Leaving out the pictures, copy each record below exactly.

Segment Start: Source data

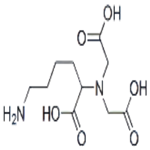 N-(5-AMINO-1-CARBOXYPENTYL)IMINODIACETIC ACID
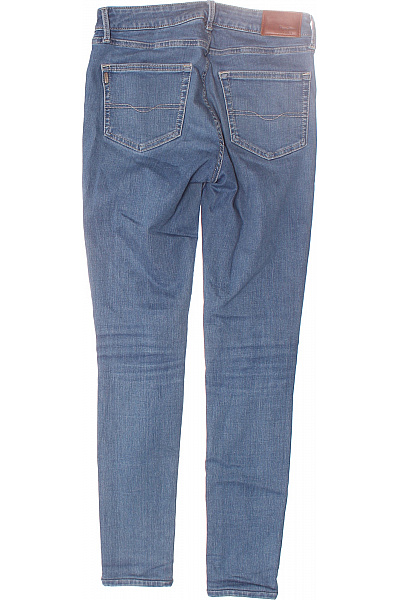 Pepe Jeans Dámské Džíny Modré Vel. 32 | Pepe Jeans | obrázek 2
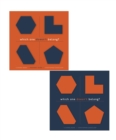 Which One Doesn't Belong? : A Shapes Book, Teacher's Guide with Student Book - Book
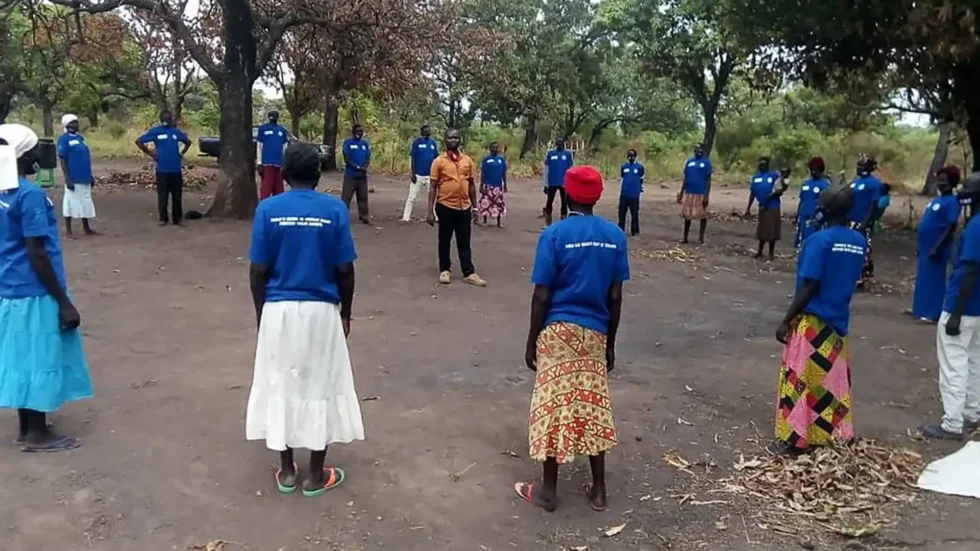 November Partner Update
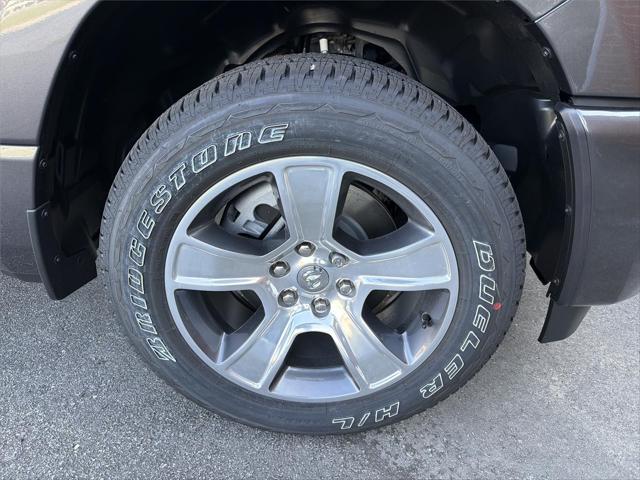 2026 Ram 1500 Express Quad Cab 4x2 64 Box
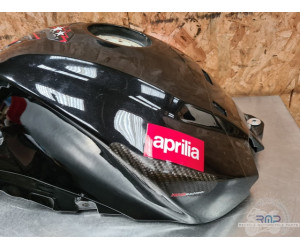 Aprilia RSV4 APRC Factory 2009 à 2014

Segment End: Source data

> **Solution to the problem**
 N-(5-AMINO-1-CARBOXYPENTYL)IMINODIACETIC ACID
 Pepe Jeans Dámské Džíny Modré Vel. 32 | Pepe Jeans | obrázek 2
 Which One Doesn't Belong? : A Shapes Book, Teacher's Guide with Student Book - Book
 November Partner Update
 2026 Ram 1500 Express Quad Cab 4x2 64 Box
 Aprilia RSV4 APRC Factory 2009 à 2014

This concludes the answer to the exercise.